**THE PROBLEM**:
Exactly reproduce the lines from the one containing "Natural Gut Wellness Capsules" through the last line of the data, both ends included, leaving out pictures.

**DATA EXTRACT**:
-*-*-

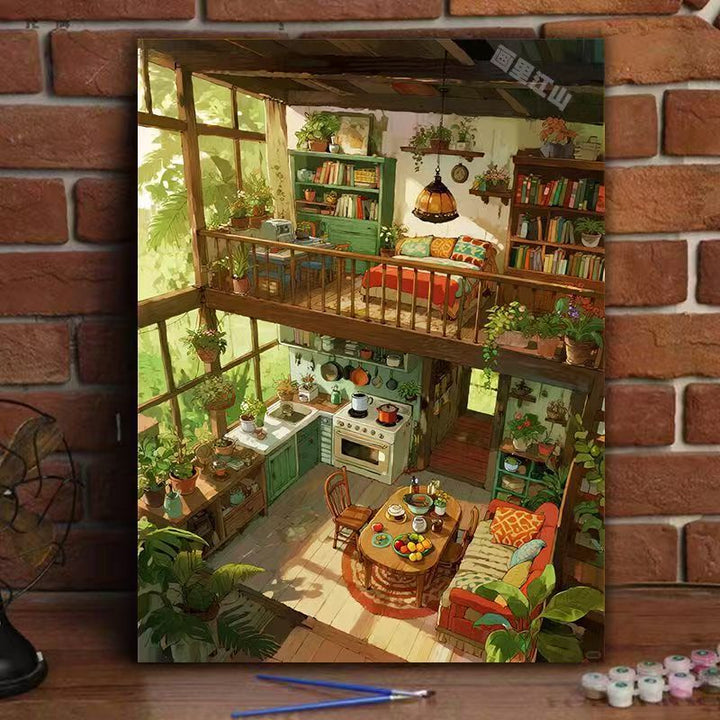 Artistic Home Decor Bowlift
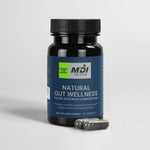 Natural Gut Wellness Capsules
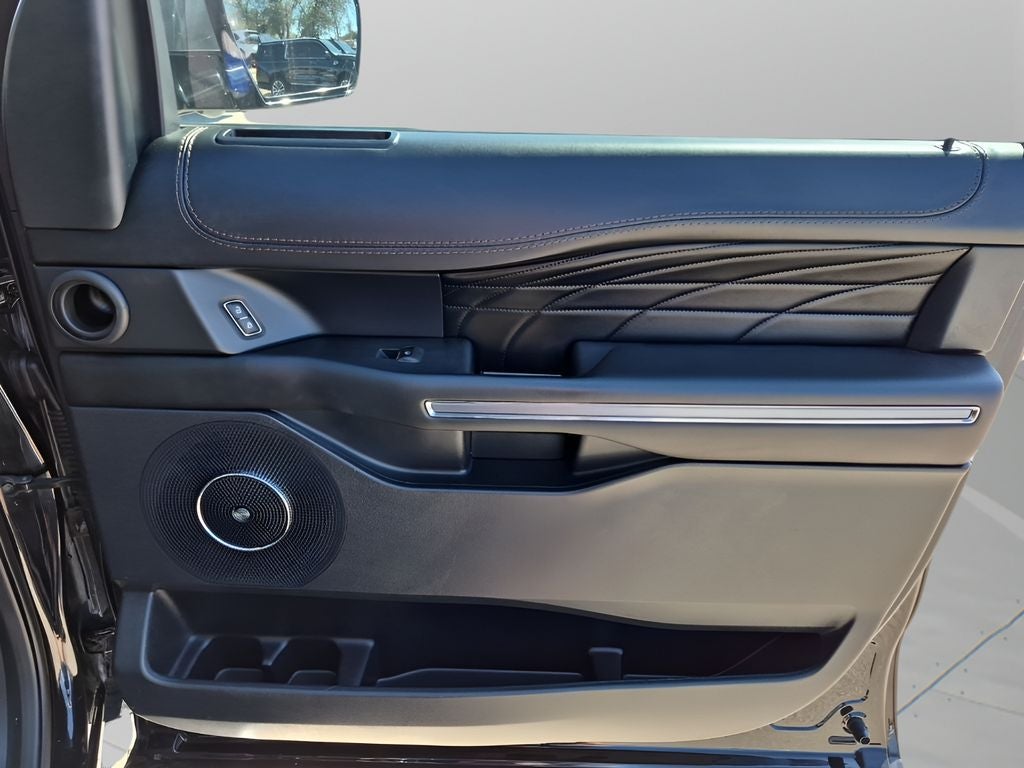 2021 Ford Expedition Platinum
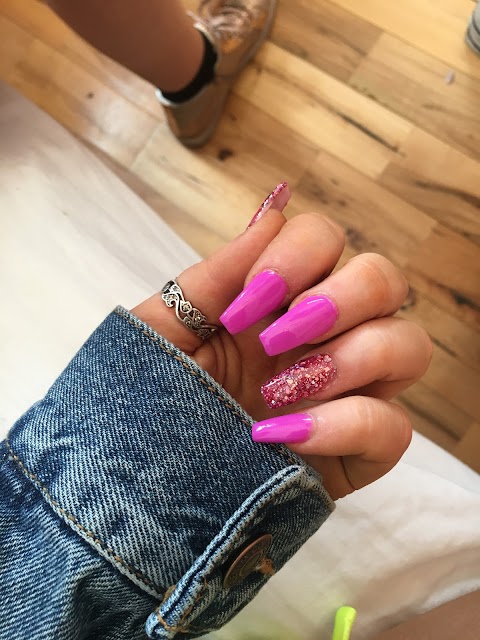 Angel Nails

-*-*-

**ANSWER SPACE**:
 Natural Gut Wellness Capsules
 2021 Ford Expedition Platinum
 Angel Nails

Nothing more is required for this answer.